Viola la “parità delle armi” il giudice che tiene conto solo del parere del consulente del PM
Viola la “parità delle armi” il giudice che tiene conto solo del parere del consulente del PM
Corte europea diritti dell'uomo, sezione I, sentenza 4 aprile 2019, n. 28932/14
La Corte EDU, analizzando anzitutto la questione sollevata con riferimento alla violazione dell'art. 6 § 1 sotto il profilo penale, ha rilevato che i giudici nazionali avevano riconosciuto come valide le ragioni a sostegno dell'impossibilità del perito E.S. di contattare V.G. in maniera acritica, senza dubitare dell'affidabilità di quanto da quest'ultimo esposto. Inoltre, l'accuratezza delle due relazioni scritte dello psichiatra del ricorrente, V.G., era stata respinta dai giudici in quanto contrastanti gli accertamenti svolti dal perito E.S. e per il fatto di essere state elaborate da un medico privato.

La Corte ha ribadito che le modalità in cui la difesa può chiedere l'assistenza di esperti possono variare. Tuttavia, ha ritenuto che l'essersi incondizionatamente affidati alle conclusioni del perito E.S., rifiutando di valutare le prove indicate dalla difesa del ricorrente, i giudici nazionali avevano creato una situazione di svantaggio ingiusto per il sig. Hodžić. In un campo complesso come l'accertamento della condizione mentale di un individuo e in vista di un giudizio di pericolosità, potrebbe essere difficile contestare il contenuto di una relazione medico-legale senza l'aiuto di un altro esperto. L'aver costretto la difesa in una posizione così svantaggiosa in relazione al procedimento giudiziario non poteva conciliarsi con il principio della parità delle armi.

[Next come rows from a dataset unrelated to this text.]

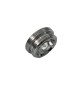 RACCORDO IN OTTONE CROMO 24M-22M 24x1M - 22x1M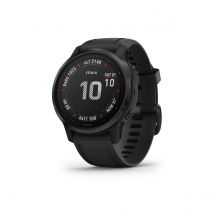 Garmin Fenix 6S Pro Noir  avec bracelet noir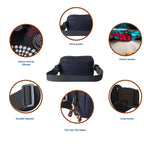 Canvas Crossbody Belt Bag Pouch, The Everywhere Belt Bag Fanny Packs La Vie Bien Canvas Crossbody Belt Bag Pouch, The Everywhere Belt Bag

Di conseguenza vi era stata una violazione dell'articolo 6 § 1 sotto il profilo penale.

Per quanto riguarda il profilo civilistico, relativo al procedimento seguito per il ricovero di Hodžić in un ospedale psichiatrico, la Corte EDU ha ribadito che una misura che comporta una privazione della libertà dovrebbe essere determinata sulla base di sufficienti e recenti relazioni mediche di esperti. Ha anche sottolineato che la questione se tale competenza fosse sufficientemente recente non può ottenere una risposta immodificabile.

La Corte ha osservato che nella fase di svolgimento della procedura, il ricorrente non era stato in grado di addurre alcuna prova a suo favore per contestare la necessità del suo ricovero in un ospedale psichiatrico, nonostante fossero passati quasi 13 mesi dal deposito della relazione medica di E.S. e dal momento in cui V.G. e il gruppo di psichiatri di Sarajevo avevano avanzato tutta una serie di quesiti su quanto accertato dal perito E.S.

Inoltre, il tribunale distrettuale di Zagabria aveva omesso di considerare il fatto che, dopo la remissione in libertà di Hodžić a seguito del decorso del termine di custodia preventiva, non c'era stata alcuna indicazione che questi fosse stato coinvolto in qualche incidente tale da far ritenere che egli avesse posto in essere una minaccia per sé stesso o per gli altri.

La Corte ha rilevato che imporre una restrizione di carattere generale sulla possibilità del ricorrente di addurre prove in quella fase del procedimento, anche considerando che era trascorso un considerevole lasso di tempo dall'iniziale ordine di ricovero, non poteva conciliarsi con i requisiti di un giusto processo e con l'obbligo per i giudici di svolgere un esame adeguato delle osservazioni, degli argomenti e delle prove addotte delle parti.

Di conseguenza vi era stata anche una violazione dell'articolo 6 § 1 sotto il profilo civilistico.

La Corte ha, infine, condannato, la Croazia a corrispondere al ricorrente, a titolo di equa soddisfazione, la somma di 4.000 euro in relazione al danno non patrimoniale subito, oltre alla somma di € 3.732,43 per i costi e le spese sostenute.